■ **Supplied material**

══════════

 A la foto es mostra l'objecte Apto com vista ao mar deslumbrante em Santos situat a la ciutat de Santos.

══════════

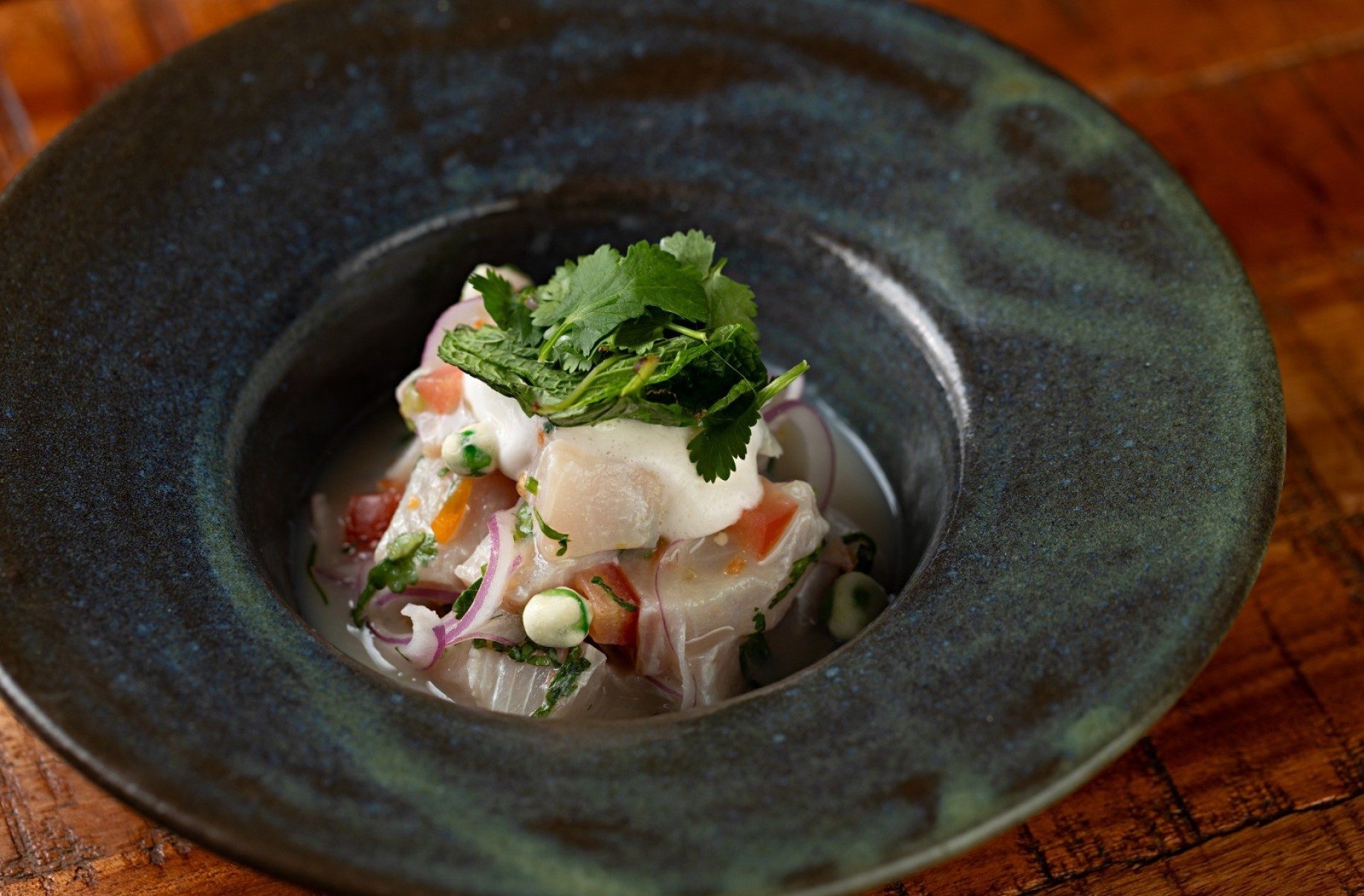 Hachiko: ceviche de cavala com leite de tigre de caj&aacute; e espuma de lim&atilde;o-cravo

══════════

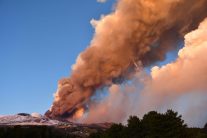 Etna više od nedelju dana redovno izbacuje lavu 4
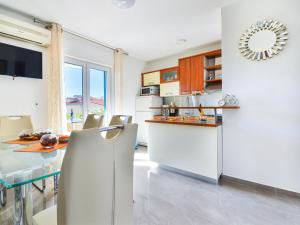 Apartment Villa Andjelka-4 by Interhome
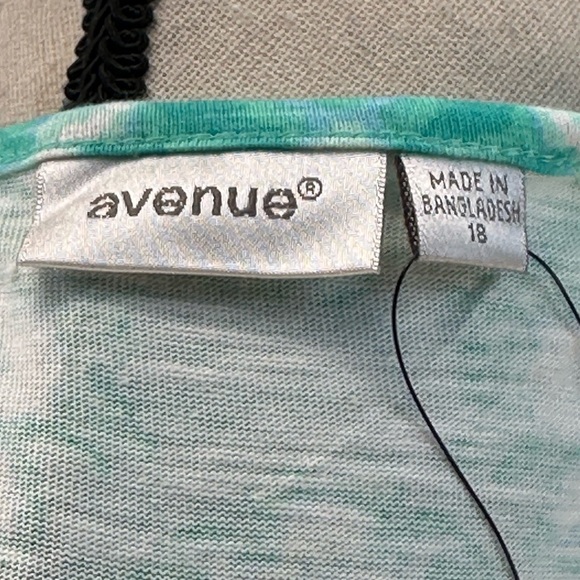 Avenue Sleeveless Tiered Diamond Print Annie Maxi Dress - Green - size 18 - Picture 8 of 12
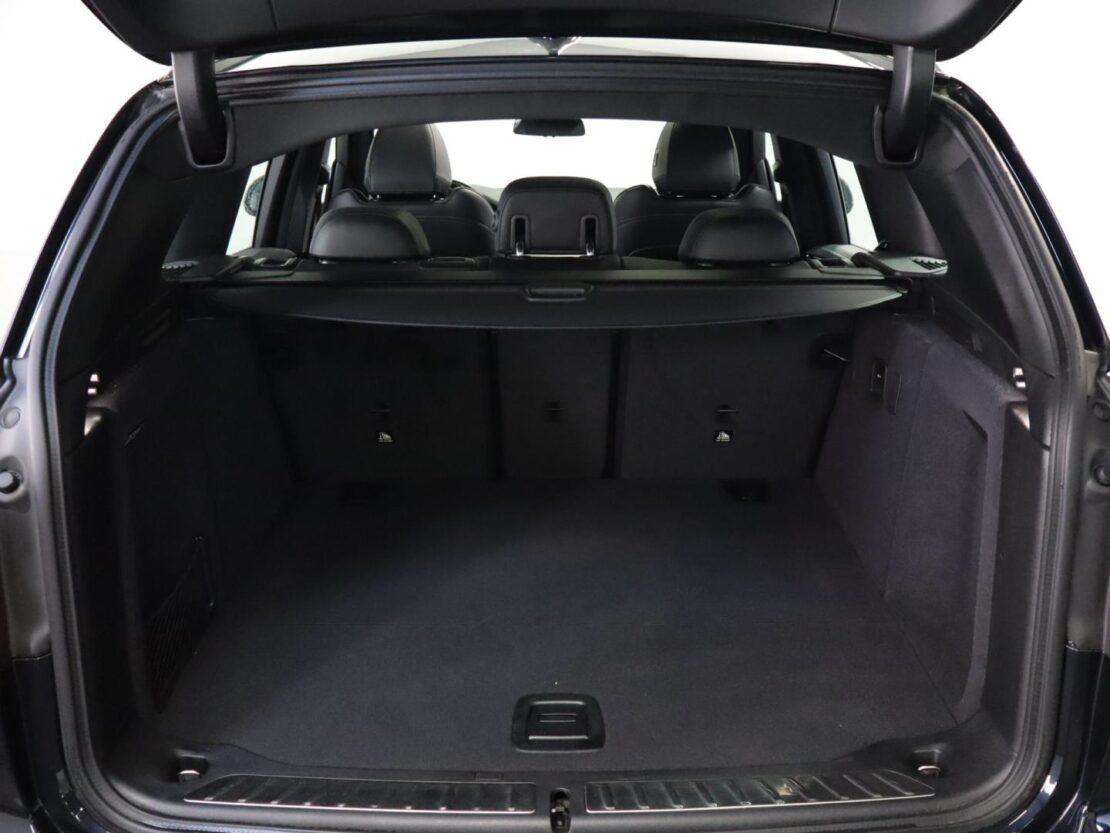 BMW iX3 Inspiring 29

══════════

Among the records above, locate the line containing "Avenue Sleeveless Tiered" and the line containing "BMW iX3 Inspiring 29", then transcribe exactly the lines starting at the first and ending at the second, with no pictures.

■ **Solution to the exercise**
 Avenue Sleeveless Tiered Diamond Print Annie Maxi Dress - Green - size 18 - Picture 8 of 12
 BMW iX3 Inspiring 29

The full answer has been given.